As iniciativas se intensificaram a partir de fevereiro, quando a Polícia Federal (PF) e o Ministério Público Federal (MPF) começaram a apurar denúncias de que o PSL, partido do presidente Jair Bolsonaro, teria usado candidatas laranja para desviar recursos eleitorais. Desde então, o assunto voltou à tona e parlamentares dos mais variados partidos, da direita a da esquerda, discutem o que fazer para evitar que o escândalo se repita.
Com 77 deputadas, parte da maior bancada feminina da história da Câmara comemora ter barrado o avanço de um projeto que, entre outros pontos, busca acabar com a penalização de partidos que não preencherem a cota de 30% de candidaturas de mulheres. Apresentado pela deputada Renata Abreu (Podemos-SP), o texto prevê que as vagas não preenchidas fiquem vazias.
Se tivesse sido aprovado até o início de outubro, ele poderia valer para as eleições municipais de 2020, mas está na Comissão de Defesa dos Direitos da Mulher, onde não conta com apoio. “A bancada feminina articulou para levar o texto à comissão e conseguiu evitar um grande retrocesso”, comemora a deputada Fernanda Melchionna (PSol-RS).
A presidente do colegiado, Luisa Canziani (PTB-PR), afirmou, na última quarta-feira, que o grupo enfrenta projetos, cujo objetivo é provocar, segundo ela, retrocessos em importantes conquistas das mulheres no Legislativo nos últimos anos. Ao Correio, ela reforça que é preciso “debater e aprimorar a legislação acerca das candidaturas femininas, inclusive a reserva de cadeiras para mulheres”.
Dose dupla
Contrária ao fim da cota, a deputada Margarete Coelho (PP-PI) é autora de um projeto que sugere que os votos em mulheres contem por dois para fins de cálculo do fundo partidário e do fundo eleitoral, assegurada a cota mínima de 30% dos recursos. “Com isso, os partidos teriam todo o interesse em buscar mulheres competitivas, que tenham capital eleitoral”, acredita.
Também está na Comissão de Defesa dos Direitos da Mulher um projeto de lei complementar que amplia a cota de gênero e garante que metade das cadeiras na Câmara sejam reservadas a mulheres. Na hora de definir quem deve tomar posse, seriam formadas duas listas: uma de mulheres e outra, de homens. Assim, seria possível garantir que as mais votadas fossem empossadas no limite da cota, explicam os autores do projeto, Sâmia Bomfim (PSol-SP) e Marcelo Freixo (PSol-RJ), no texto.

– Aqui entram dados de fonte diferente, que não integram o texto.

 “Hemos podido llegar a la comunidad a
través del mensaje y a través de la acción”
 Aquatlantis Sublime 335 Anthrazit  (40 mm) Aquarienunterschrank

Outro projeto, de autoria da deputada Perpétua Almeida (PCdoB-AC) e assinado por outras 10 de partidos como PCdoB, PDT, PSol, PT, PL e Cidadania, sugere que uma das duas vagas no Senado seja disputada apenas por mulheres, quando a eleição for para renovar dois terços da Casa. Apresentado em setembro, o texto está na Comissão de Constituição e Justiça (CCJ) da Câmara.

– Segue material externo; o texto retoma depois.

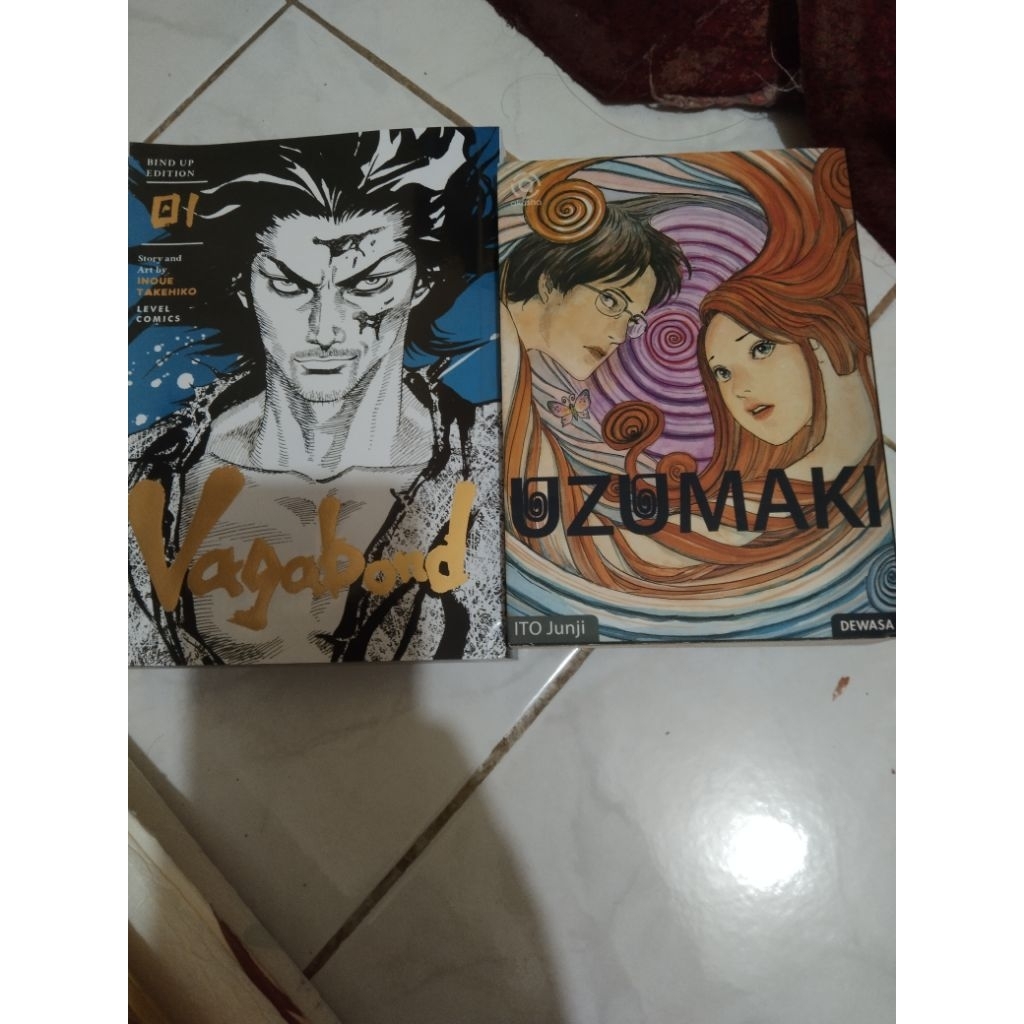 komik vagabond bundling uzumaki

A proposta de Renata Abreu não foi a única tentativa de “flexibilizar” ou acabar com a reserva de vagas. Outro projeto de lei nesse sentido foi apresentado pelo senador Ângelo Coronel (PSD-BA), em março. O dele era mais direto: sugeria declaradamente o fim da cota de gênero. O argumento era que o percentual de 30% era “elevado diante da dificuldade de encontrar candidaturas femininas viáveis”. O texto foi rejeitado pela Comissão de Constituição e Justiça (CCJ) do Senado em abril.
A bancada feminina, em geral, concorda que o problema não é a falta de interesse de mulheres na política. Luisa Canziani ressalta que 44% das filiações partidárias são de mulheres, mas só 15% das vagas são ocupadas por elas na Câmara. O difícil não é que elas se interessem pela política, é garantir que terão recursos e espaço para as próprias candidaturas, não só o registro para cumprir a cota.